Statistical mechanics of self-gravitating systems in general relativity: I. The quantum Fermi gas

TL;DR

This paper develops a formalism for understanding the equilibrium states of self-gravitating fermionic systems in general relativity, connecting thermodynamics, stability, and equations of state, with applications to astrophysical objects.

Contribution

It extends previous work by providing a comprehensive formalism for self-gravitating systems in general relativity, explicitly considering fermions and their thermodynamic properties.

Findings

Derived equations for self-gravitating fermions in general relativity.

Showed the nonrelativistic limit recovers Newtonian results.

Discussed ensemble inequivalence and stability criteria.

Abstract

We develop a general formalism to determine the statistical equilibrium states of self-gravitating systems in general relativity and complete previous works on the subject. Our results are valid for an arbitrary form of entropy but, for illustration, we explicitly consider the Fermi-Dirac entropy for fermions. The maximization of entropy at fixed mass-energy and particle number determines the distribution function of the system and its equation of state. It also implies the Tolman-Oppenheimer-Volkoff equations of hydrostatic equilibrium and the Tolman-Klein relations.

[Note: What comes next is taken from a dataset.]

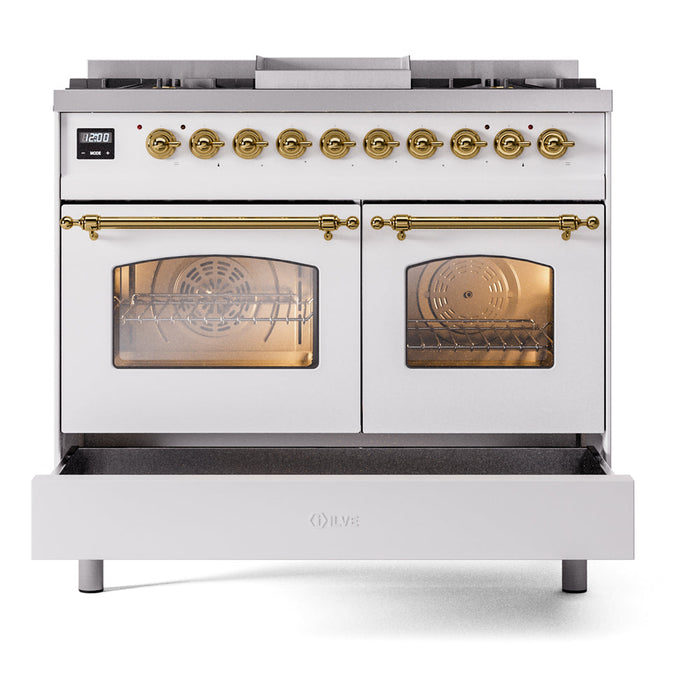 ILVE 40" Nostalgie II Dual Fuel Range with 6 Sealed Burners, Griddle, Triple Glass Door - UPD40FNMP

Our paper provides all the necessary equations that are needed to construct the caloric curves of self-gravitating fermions in general relativity as done in recent works. We consider the nonrelativistic limit $c\rightarrow +\infty$ and recover the equations obtained within the framework of Newtonian gravity. We also discuss the inequivalence of statistical ensembles as well as the relation between the dynamical and thermodynamical stability of self-gravitating systems in Newtonian gravity and general relativity.